Albany International anticipates $16 million loss
Second-quarter loss is driven by profitability revisions regarding two legacy commercial aerospace contracts
Ahead of releasing its second-quarter 2017 financial results on Aug. 1, Albany International Corp. announced it expects to record a second-quarter pre-tax charge of approximately $16 million associated with revisions in the estimated profitability of two long-term contracts in the Albany Engineered Composites segment, which operates out of Rochester, NH.

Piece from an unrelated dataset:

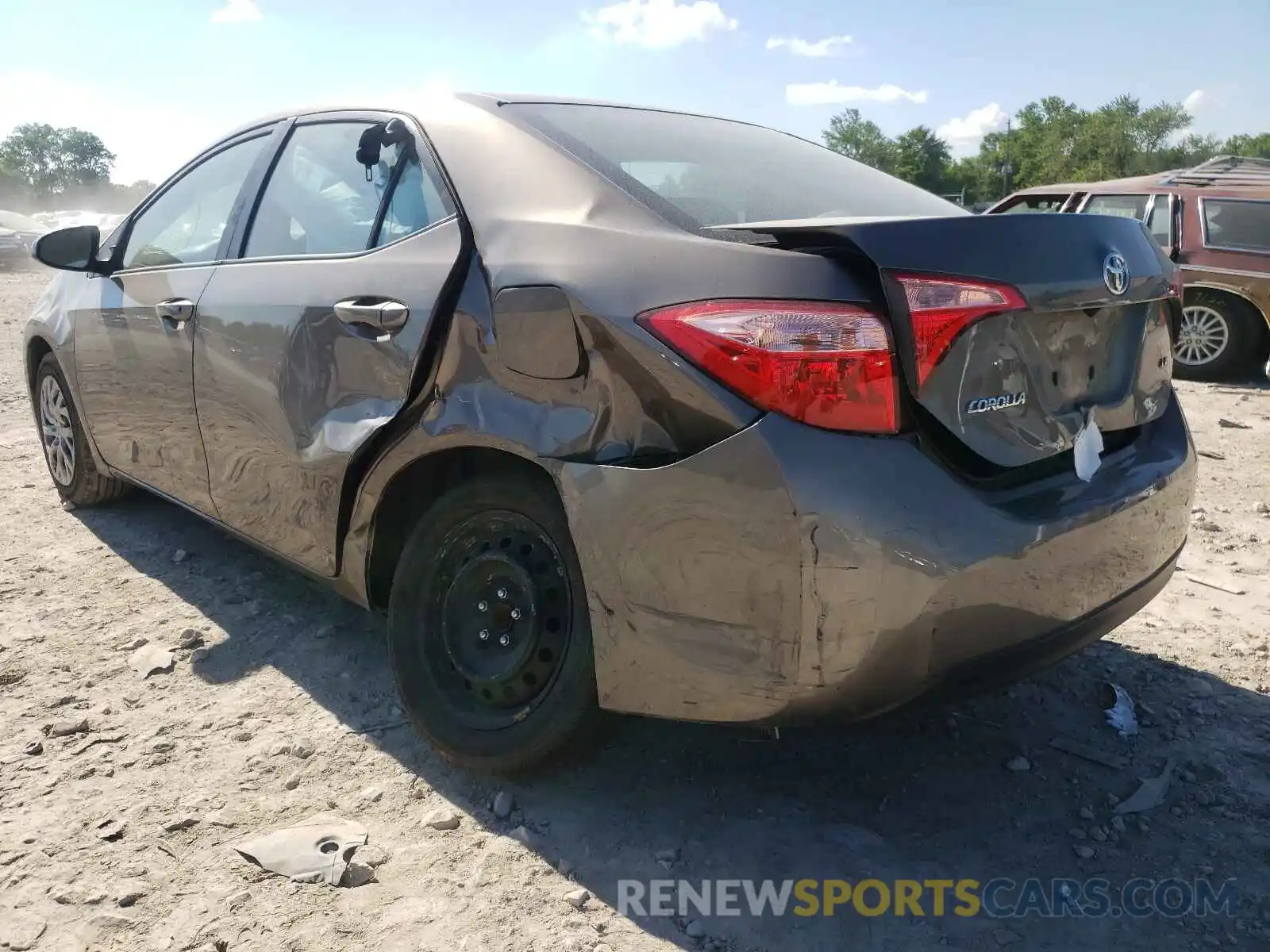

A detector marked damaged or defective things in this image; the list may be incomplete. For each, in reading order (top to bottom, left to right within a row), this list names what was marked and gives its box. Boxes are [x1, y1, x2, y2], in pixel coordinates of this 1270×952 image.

damaged gray sedan [27, 93, 1199, 777]
torn bumper cover [553, 396, 1188, 720]
rear bumper damage [559, 396, 1199, 720]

One contract obligates Albany to manufacture composite components for the Rolls-Royce BR 725 engine, which powers Gulfstream’s G-650 business jet, for the life of the BR 725 program. The company previously recorded a charge of $14 million in the second quarter of 2015 for the program, including $11 million for the write-off of development costs for nonrecurring engineering and tooling, and $3 million for anticipated future losses. During the second quarter of 2017, Albany determined that an additional charge of approximately $10 million should be recorded as provision for anticipated losses through the end of the program.
The other contract, through Albany’s subsidiary Albany Aerospace Composites, regards manufacturing composite struts for the Airbus A380 — Albany is obligated to manufacture composite wing box struts through 2020 and floor beam struts through 2023. During the second quarter of 2017, Albany determined a charge of approximately $6 million should be recorded as a provision for anticipated losses through contract completion. The revision is driven by a decrease in the estimated demand for these components during the contract term, as well as by program inefficiencies, according to a press release from the company.

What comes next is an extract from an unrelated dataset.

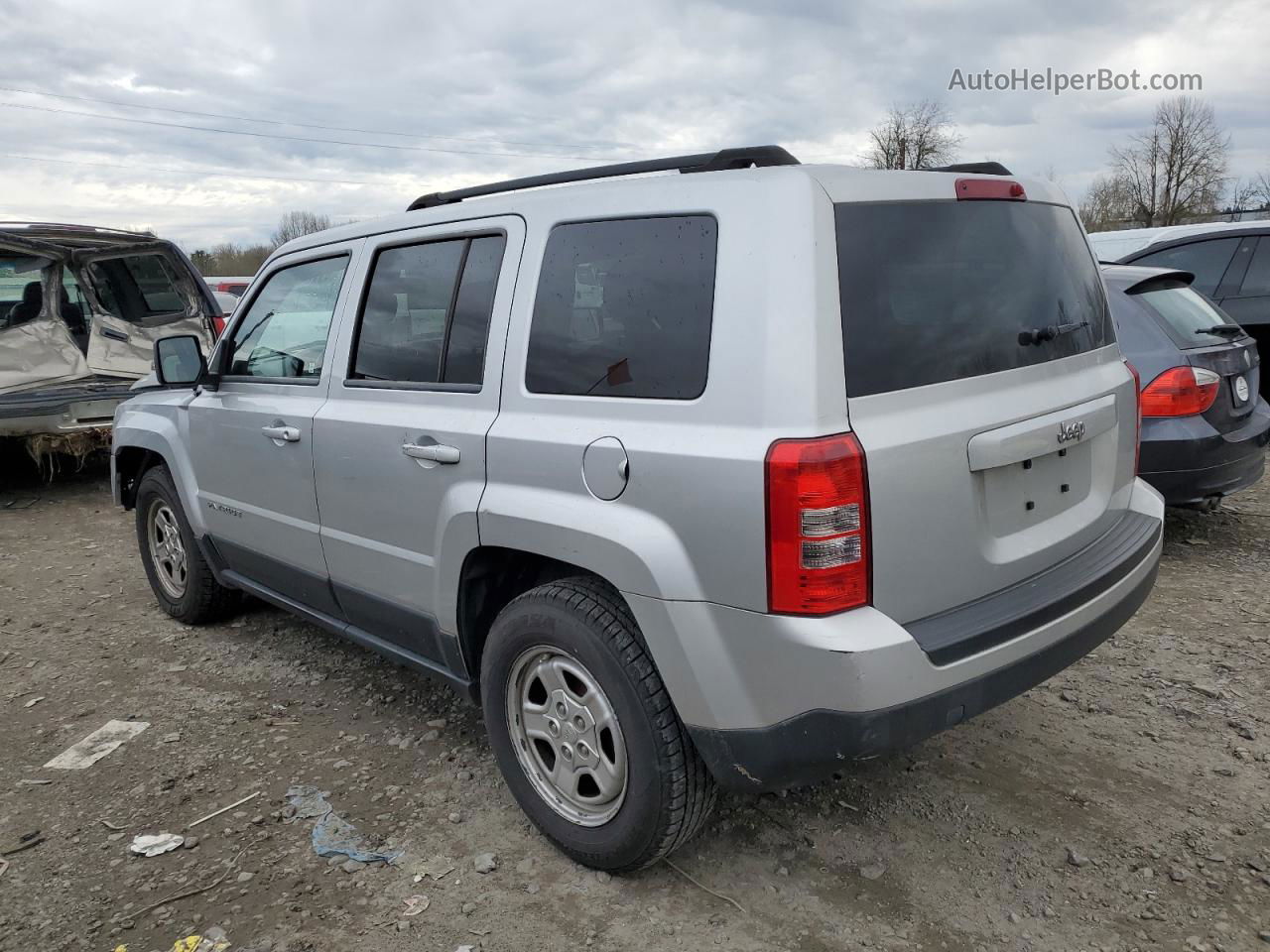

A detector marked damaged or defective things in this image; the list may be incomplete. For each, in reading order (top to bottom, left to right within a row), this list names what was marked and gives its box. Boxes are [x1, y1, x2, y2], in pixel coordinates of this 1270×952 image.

damaged white van [1, 222, 218, 464]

“While the recording of these projected future losses will obviously have a material impact on Q2 results, our outlook for AEC – both in 2017 and beyond – remains unchanged,” said CEO Joseph Morone in a press release. “Unlike [Albany Engineered Composite’s] key growth and legacy programs, these two programs are exposed to the weakest segments in the commercial aerospace market – business jets and super wide-bodies. We do not consider either program to be strategic or material to AEC’s growth prospects. Their combined revenue in Q1 2017 was $1.1 million. We are meeting customer expectations in both programs, but because of very challenging legacy contracts, we lost money on both in Q1 2017 and had been expecting both programs to continue to lose money for several more years before turning profitable.”
Morone said he still expects the company to perform 25 to 35 percent in revenue growth for the year, with an estimate of $450 million to $500 million revenue potential by 2020.